On Tue, 4 Jul 2023, juzhe.zh...@rivai.ai wrote:

> From: Ju-Zhe Zhong <juzhe.zh...@rivai.ai>
> 
> Hi, Richard and Richi.
> 
> The len_mask_gather_load/len_mask_scatter_store patterns have been added.
> Now, this patch applies them into vectorizer.
> 
> Here is the example:
> 
> void
> f (int *restrict a,
>    int *restrict b, int n,
>    int base, int step,
>    int *restrict cond)
> {
>   for (int i = 0; i < n; ++i)
>     {
>       if (cond[i])
>         a[i * 4] = b[i];
>     }
> }
> 
> Gimple IR:
> 
>   <bb 3> [local count: 105119324]:
>   _58 = (unsigned long) n_13(D);
> 
>   <bb 4> [local count: 630715945]:
>   # vectp_cond.7_45 = PHI <vectp_cond.7_46(4), cond_14(D)(3)>
>   # vectp_b.11_51 = PHI <vectp_b.11_52(4), b_15(D)(3)>
>   # vectp_a.14_55 = PHI <vectp_a.14_56(4), a_16(D)(3)>
>   # ivtmp_59 = PHI <ivtmp_60(4), _58(3)>
>   _61 = .SELECT_VL (ivtmp_59, POLY_INT_CST [2, 2]);
>   ivtmp_44 = _61 * 4;
>   vect__4.9_47 = .LEN_MASK_LOAD (vectp_cond.7_45, 32B, _61, 0, { -1, ... });
>   mask__24.10_49 = vect__4.9_47 != { 0, ... };
>   vect__8.13_53 = .LEN_MASK_LOAD (vectp_b.11_51, 32B, _61, 0, mask__24.10_49);
>   ivtmp_54 = _61 * 16;
>   .LEN_MASK_SCATTER_STORE (vectp_a.14_55, { 0, 16, 32, ... }, 1, 
> vect__8.13_53, _61, 0, mask__24.10_49);
>   vectp_cond.7_46 = vectp_cond.7_45 + ivtmp_44;
>   vectp_b.11_52 = vectp_b.11_51 + ivtmp_44;
>   vectp_a.14_56 = vectp_a.14_55 + ivtmp_54;
>   ivtmp_60 = ivtmp_59 - _61;
>   if (ivtmp_60 != 0)
>     goto <bb 4>; [83.33%]
>   else
>     goto <bb 5>; [16.67%]
> 
> gcc/ChangeLog:
> 
>         * optabs-query.cc (supports_vec_gather_load_p): Apply 
> LEN_MASK_GATHER_LOAD/SCATTER_STORE into vectorizer.

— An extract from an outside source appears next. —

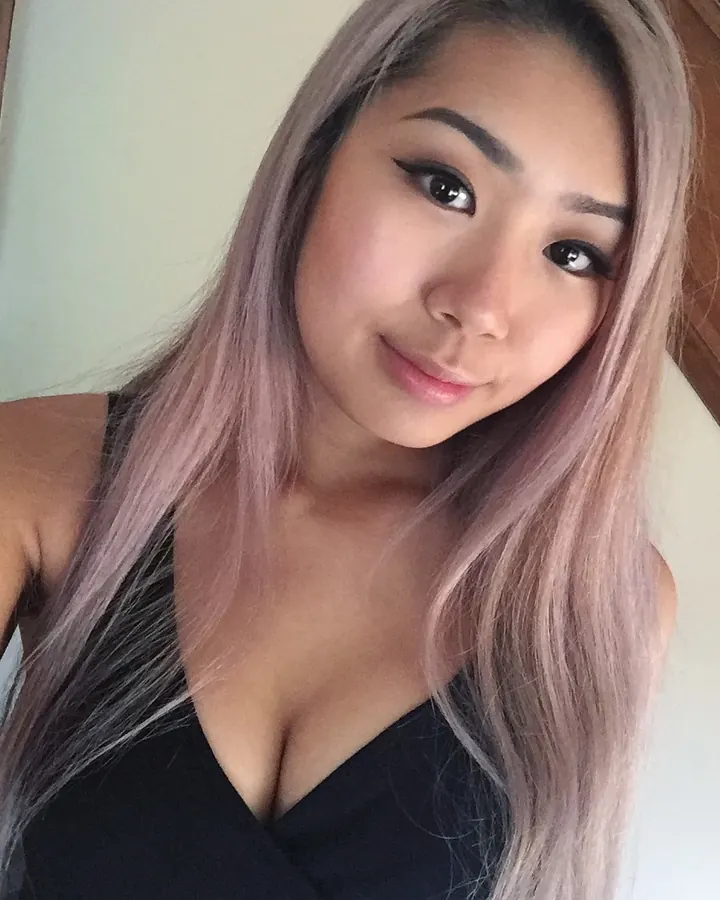 Jeune femme aux cheveux gris en lingerie blanche, posant en intérieur.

>         (supports_vec_scatter_store_p): Ditto.
>         * tree-vect-data-refs.cc (vect_gather_scatter_fn_p): Ditto.
>         * tree-vect-stmts.cc (check_load_store_for_partial_vectors): Ditto.

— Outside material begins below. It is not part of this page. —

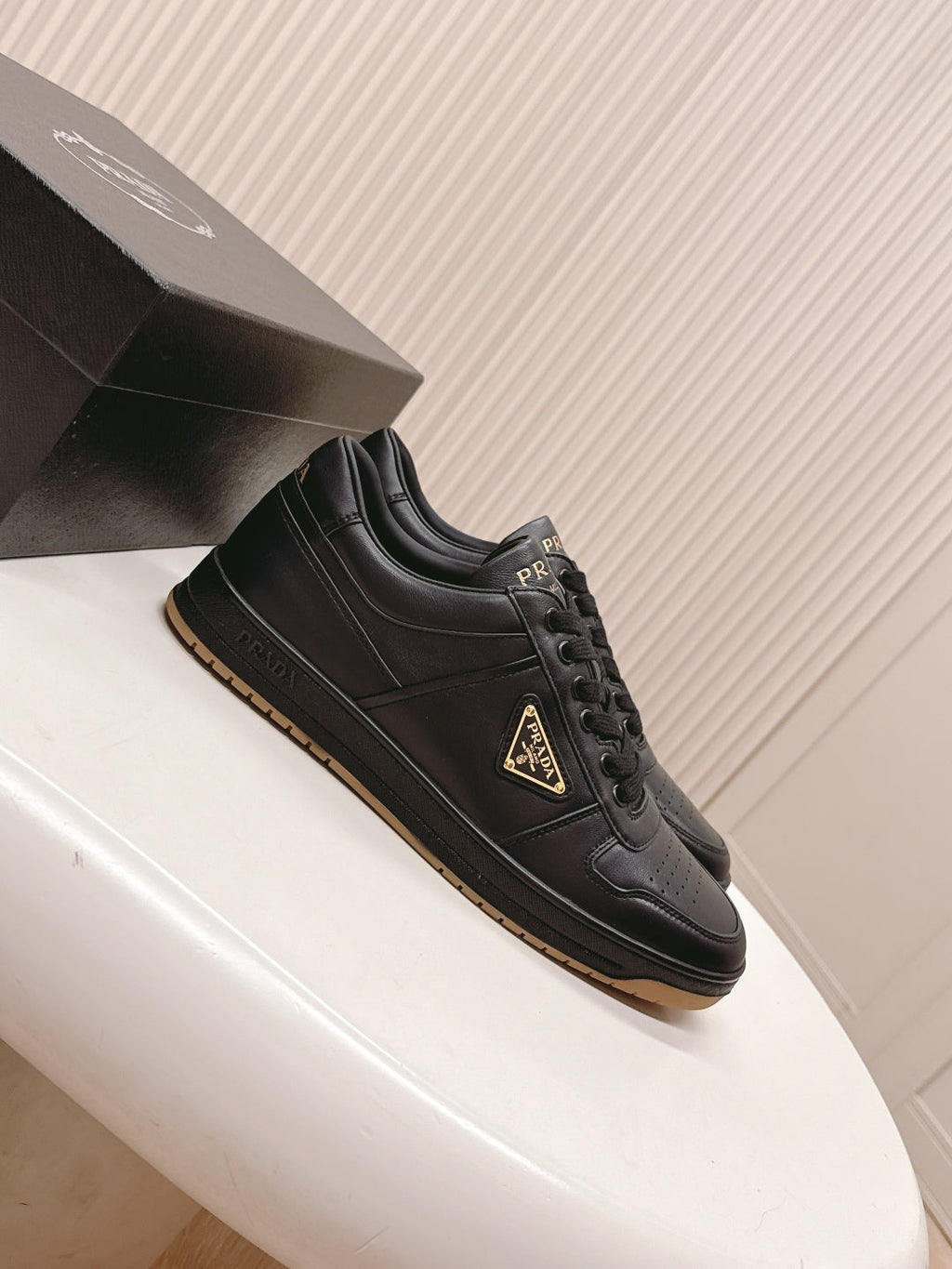 PRADA 25S DOWNTOWN SNEAKERS IN BLACK CALFSKIN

>         (vect_get_strided_load_store_ops): Ditto.
>         (vectorizable_store): Ditto.
>         (vectorizable_load): Ditto.
> 
> ---
>  gcc/optabs-query.cc        |   2 +
>  gcc/tree-vect-data-refs.cc |  15 +++-
>  gcc/tree-vect-stmts.cc     | 136 ++++++++++++++++++++++++++++++++-----
>  3 files changed, 134 insertions(+), 19 deletions(-)
> 
> diff --git a/gcc/optabs-query.cc b/gcc/optabs-query.cc
> index 2fdd0d34354..bf1f484e874 100644
> --- a/gcc/optabs-query.cc
> +++ b/gcc/optabs-query.cc
> @@ -676,6 +676,7 @@ supports_vec_gather_load_p (machine_mode mode)
>      this_fn_optabs->supports_vec_gather_load[mode]
>        = (supports_vec_convert_optab_p (gather_load_optab, mode)
>        || supports_vec_convert_optab_p (mask_gather_load_optab, mode)
> +      || supports_vec_convert_optab_p (len_mask_gather_load_optab, mode)
>        ? 1 : -1);
>  
>    return this_fn_optabs->supports_vec_gather_load[mode] > 0;
> @@ -692,6 +693,7 @@ supports_vec_scatter_store_p (machine_mode mode)
>      this_fn_optabs->supports_vec_scatter_store[mode]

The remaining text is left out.